→ **WHAT THE TASK REQUIRES**
From the entries below, copy exactly the lines from the one that contains "4537 Oaktree Court, MANITOWOC, WI 54220" through the one that contains "Wasserspeier Wasserspiel Frau", both included, and only those.

** Opening DATASET block **

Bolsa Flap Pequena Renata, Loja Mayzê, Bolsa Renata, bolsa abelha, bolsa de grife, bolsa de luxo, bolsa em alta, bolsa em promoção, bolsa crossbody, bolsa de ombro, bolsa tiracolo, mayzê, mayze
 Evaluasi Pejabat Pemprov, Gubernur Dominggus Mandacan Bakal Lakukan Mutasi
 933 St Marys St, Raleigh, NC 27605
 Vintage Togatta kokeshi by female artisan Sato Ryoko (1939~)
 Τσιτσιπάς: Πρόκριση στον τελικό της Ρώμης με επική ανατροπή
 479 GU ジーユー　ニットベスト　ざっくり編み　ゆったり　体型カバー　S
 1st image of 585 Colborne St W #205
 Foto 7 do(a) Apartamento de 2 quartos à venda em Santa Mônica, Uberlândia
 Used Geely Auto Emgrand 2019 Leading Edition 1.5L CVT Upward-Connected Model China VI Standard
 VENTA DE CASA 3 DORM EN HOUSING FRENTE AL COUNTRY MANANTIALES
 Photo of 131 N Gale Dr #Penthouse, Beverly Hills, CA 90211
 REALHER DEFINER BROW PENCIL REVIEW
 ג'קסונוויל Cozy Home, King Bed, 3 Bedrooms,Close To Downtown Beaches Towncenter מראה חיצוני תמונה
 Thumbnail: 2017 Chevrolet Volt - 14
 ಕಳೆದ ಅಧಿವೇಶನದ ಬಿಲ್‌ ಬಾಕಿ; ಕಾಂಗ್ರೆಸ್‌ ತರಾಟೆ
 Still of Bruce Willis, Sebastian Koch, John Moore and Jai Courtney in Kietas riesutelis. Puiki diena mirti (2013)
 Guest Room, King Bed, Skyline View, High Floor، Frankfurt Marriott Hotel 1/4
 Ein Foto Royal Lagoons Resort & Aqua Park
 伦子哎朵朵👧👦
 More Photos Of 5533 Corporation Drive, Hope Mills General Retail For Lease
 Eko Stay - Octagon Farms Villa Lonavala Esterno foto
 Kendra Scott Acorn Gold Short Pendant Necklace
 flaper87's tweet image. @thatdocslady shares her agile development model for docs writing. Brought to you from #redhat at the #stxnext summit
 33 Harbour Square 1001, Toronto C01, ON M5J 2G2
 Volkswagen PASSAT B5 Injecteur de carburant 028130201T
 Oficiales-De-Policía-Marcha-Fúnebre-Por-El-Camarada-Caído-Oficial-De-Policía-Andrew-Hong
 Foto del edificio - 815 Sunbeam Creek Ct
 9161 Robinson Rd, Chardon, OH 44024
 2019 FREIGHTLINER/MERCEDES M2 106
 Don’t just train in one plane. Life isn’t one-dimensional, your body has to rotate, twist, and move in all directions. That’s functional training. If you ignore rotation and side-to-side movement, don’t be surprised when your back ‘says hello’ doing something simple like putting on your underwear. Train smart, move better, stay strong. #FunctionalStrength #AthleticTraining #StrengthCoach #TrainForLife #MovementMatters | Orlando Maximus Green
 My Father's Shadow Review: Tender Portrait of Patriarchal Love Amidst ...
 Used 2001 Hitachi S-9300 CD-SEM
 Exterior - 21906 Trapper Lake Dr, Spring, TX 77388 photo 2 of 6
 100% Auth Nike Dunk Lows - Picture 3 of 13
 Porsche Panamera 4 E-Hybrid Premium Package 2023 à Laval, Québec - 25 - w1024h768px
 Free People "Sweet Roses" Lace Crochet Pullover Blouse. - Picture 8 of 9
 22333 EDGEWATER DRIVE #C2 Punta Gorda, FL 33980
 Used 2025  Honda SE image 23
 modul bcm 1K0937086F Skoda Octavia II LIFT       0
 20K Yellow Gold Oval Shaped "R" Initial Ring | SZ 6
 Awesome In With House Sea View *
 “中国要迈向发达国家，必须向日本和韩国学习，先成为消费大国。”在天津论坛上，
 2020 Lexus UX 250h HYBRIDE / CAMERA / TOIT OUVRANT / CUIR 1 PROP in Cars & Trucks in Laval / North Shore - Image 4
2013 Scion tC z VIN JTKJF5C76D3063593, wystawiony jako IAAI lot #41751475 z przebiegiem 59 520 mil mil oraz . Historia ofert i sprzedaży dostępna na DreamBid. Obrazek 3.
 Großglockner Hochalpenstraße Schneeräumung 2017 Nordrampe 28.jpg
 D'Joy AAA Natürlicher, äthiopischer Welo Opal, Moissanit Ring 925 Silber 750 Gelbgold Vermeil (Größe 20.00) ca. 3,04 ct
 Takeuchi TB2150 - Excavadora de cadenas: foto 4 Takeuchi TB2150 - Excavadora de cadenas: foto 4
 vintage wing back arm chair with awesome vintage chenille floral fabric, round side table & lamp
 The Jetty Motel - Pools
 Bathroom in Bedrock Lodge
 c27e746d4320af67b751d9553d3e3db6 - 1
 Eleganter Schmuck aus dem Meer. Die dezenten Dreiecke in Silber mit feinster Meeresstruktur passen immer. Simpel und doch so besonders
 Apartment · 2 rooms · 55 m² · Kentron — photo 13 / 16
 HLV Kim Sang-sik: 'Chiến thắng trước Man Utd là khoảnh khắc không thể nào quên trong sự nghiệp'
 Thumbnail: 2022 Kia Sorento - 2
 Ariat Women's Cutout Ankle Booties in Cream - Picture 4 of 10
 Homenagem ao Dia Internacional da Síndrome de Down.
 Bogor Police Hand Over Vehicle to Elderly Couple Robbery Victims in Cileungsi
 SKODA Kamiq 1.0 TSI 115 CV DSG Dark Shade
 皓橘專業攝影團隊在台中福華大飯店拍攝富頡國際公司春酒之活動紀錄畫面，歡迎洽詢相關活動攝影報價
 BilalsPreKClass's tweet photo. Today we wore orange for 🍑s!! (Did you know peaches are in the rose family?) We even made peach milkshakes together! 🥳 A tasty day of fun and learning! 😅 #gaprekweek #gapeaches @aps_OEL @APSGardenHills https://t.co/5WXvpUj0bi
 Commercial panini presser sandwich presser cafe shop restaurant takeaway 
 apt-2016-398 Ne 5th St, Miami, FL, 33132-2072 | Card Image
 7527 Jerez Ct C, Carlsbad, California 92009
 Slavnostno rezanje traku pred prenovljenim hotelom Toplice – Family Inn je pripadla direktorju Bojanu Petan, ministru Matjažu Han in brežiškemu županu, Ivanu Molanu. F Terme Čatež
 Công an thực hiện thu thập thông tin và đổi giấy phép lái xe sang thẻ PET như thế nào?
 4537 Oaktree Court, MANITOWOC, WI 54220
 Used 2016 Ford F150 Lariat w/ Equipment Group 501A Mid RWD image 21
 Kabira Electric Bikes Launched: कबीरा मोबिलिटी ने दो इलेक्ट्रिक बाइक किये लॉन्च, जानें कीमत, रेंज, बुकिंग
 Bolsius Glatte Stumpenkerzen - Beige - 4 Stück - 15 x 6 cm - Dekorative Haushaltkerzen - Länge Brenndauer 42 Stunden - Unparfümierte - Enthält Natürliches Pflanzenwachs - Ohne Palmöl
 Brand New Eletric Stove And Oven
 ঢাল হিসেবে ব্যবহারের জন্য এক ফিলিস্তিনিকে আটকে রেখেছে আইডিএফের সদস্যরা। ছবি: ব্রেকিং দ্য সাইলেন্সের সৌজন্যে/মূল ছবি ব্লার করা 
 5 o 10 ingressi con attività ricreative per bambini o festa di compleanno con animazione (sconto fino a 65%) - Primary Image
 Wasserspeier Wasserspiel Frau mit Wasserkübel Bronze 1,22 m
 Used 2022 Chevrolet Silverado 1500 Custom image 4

** Closing DATASET block **

→ **REPLY**
 4537 Oaktree Court, MANITOWOC, WI 54220
 Used 2016 Ford F150 Lariat w/ Equipment Group 501A Mid RWD image 21
 Kabira Electric Bikes Launched: कबीरा मोबिलिटी ने दो इलेक्ट्रिक बाइक किये लॉन्च, जानें कीमत, रेंज, बुकिंग
 Bolsius Glatte Stumpenkerzen - Beige - 4 Stück - 15 x 6 cm - Dekorative Haushaltkerzen - Länge Brenndauer 42 Stunden - Unparfümierte - Enthält Natürliches Pflanzenwachs - Ohne Palmöl
 Brand New Eletric Stove And Oven
 ঢাল হিসেবে ব্যবহারের জন্য এক ফিলিস্তিনিকে আটকে রেখেছে আইডিএফের সদস্যরা। ছবি: ব্রেকিং দ্য সাইলেন্সের সৌজন্যে/মূল ছবি ব্লার করা 
 5 o 10 ingressi con attività ricreative per bambini o festa di compleanno con animazione (sconto fino a 65%) - Primary Image
 Wasserspeier Wasserspiel Frau mit Wasserkübel Bronze 1,22 m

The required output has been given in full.